I remember many nights of laying in bed and talking myself out of going to the kitchen to get a knife to cut myself. But I had to self-harm, I was going crazy, so I “settled” by hitting myself in the head as hard as I could.

I remember spending two weeks of Turbo’s sixth month of life in bed. In the morning, I’d get him, grab his bottles and diapers, eat enough to sustain me, and crawl back into bed. He was literally the only thing that kept me going.

I remember so many out of body experiences. (This is a form of psychosis.) Two while I was driving. One in particular was scary because it was rush hour traffic and the cars whizzing past me seemed so harmless and far away. I remember telling myself, “Just get off the road. You’ve got to get off the road. Your baby–your entire world–is in this car and he’s depending on you.”

I remember Thanksgiving when my brother came to visit and I had a breakdown of epic proportions and he and the Mister had to pick up the pieces and finish cooking dinner while I slept off the insanity.
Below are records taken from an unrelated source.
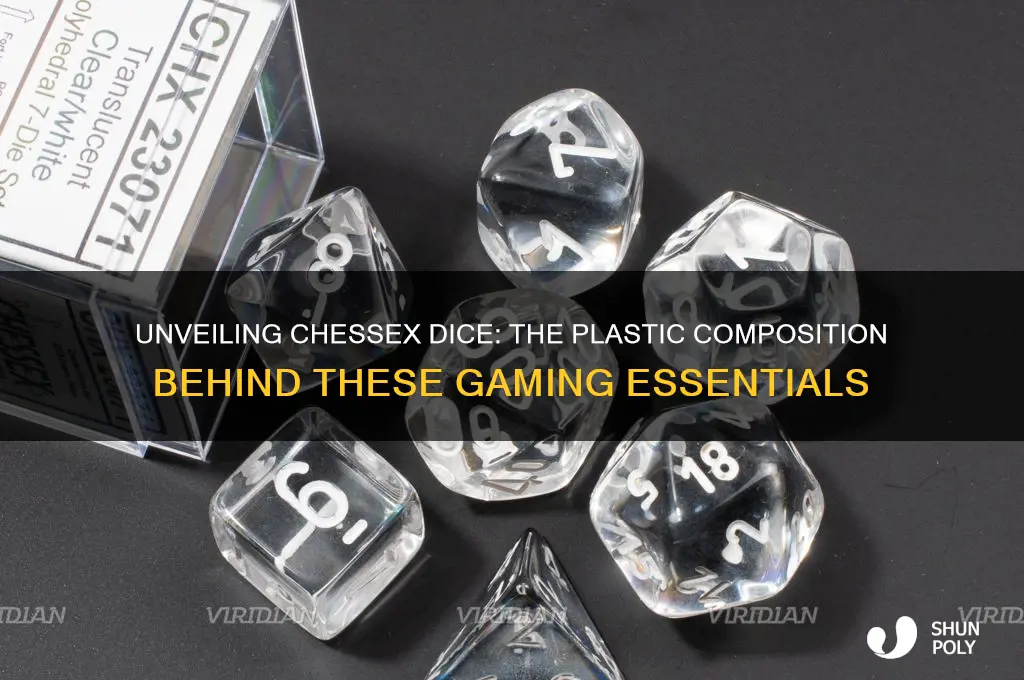 what plastic are chessex dice made of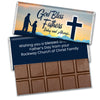 Father's Day Personalized Standard Chocolate Bar & Wrapper - God Bless Fathers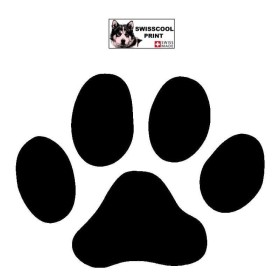 autocollant patte de chien - stickers voiture animaux - noir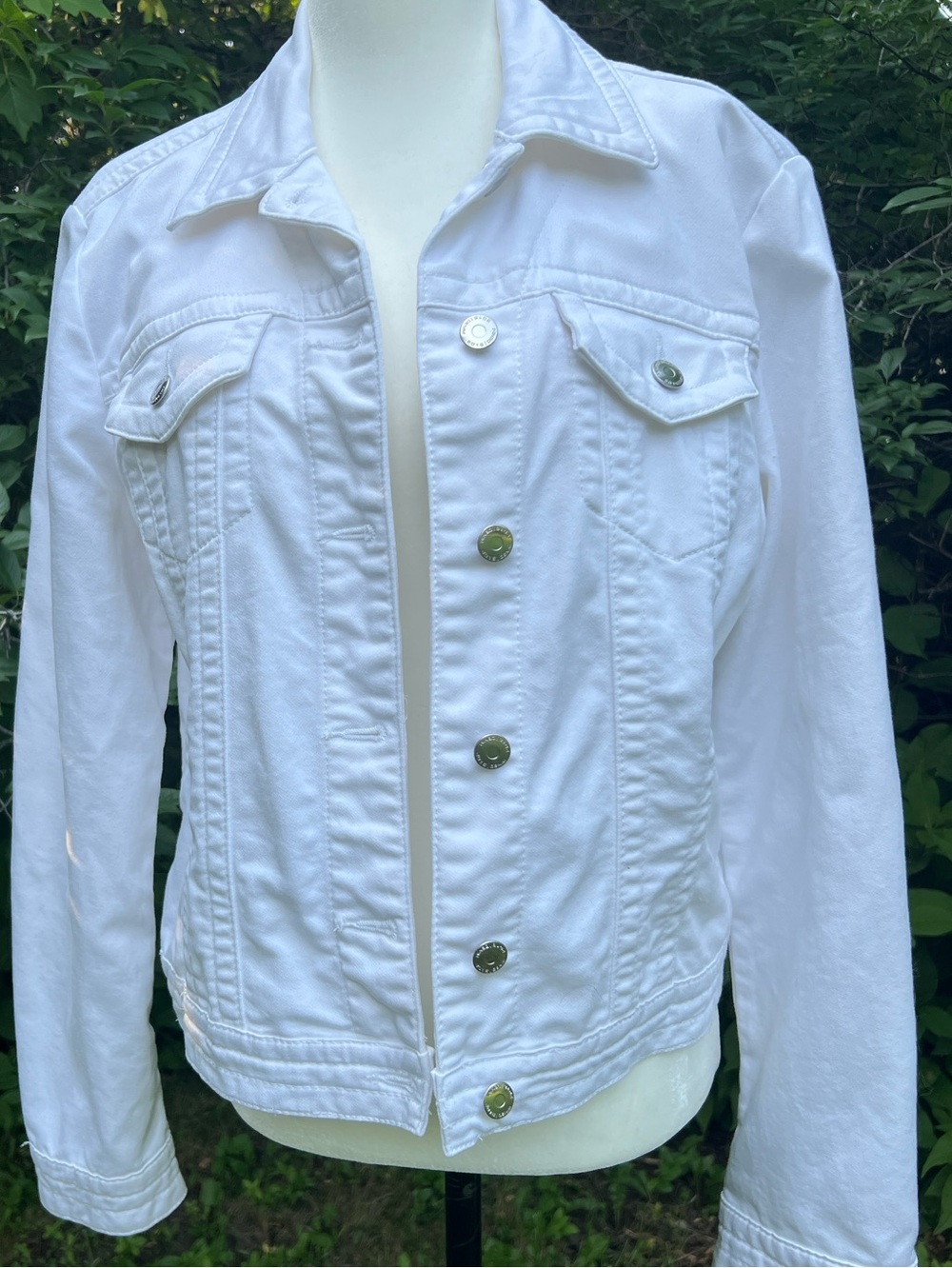Parasuco 2016 Denim/Jean Jacket, Women, Size M, Crisp White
I remember dreading the night.

I remember dreading the morning.

When Turbo dropped to two naps a day, things got much better and the postpartum depression cleared. When I got pregnant this time, I had a plan. After Nugget was born, it took two weeks for me to get up to a viable dosage of my multivitamin, and in that time I could see that my postpartum was on a path to be much worse this time. But then I started taking enough, and the world was a brighter place. I still cry from time to time, because being a mom is hard, and newborns are really, really hard, but it’s not the same. I’m still tired, but it’s not the same. No more desires to run away. No more thinking I hate being a mom. No more dreading each coming day. I’m not happy every moment, and my body has readjusted so bipolar depression is hanging around the fringes waiting to pounce. But I am sane. I am mostly balanced–and when I’m not, I can get back in balance fairly easily.

I love my children. I love being a mother. I’m not happy every moment, but there’s a bud of ever-present joy nestled in my heart.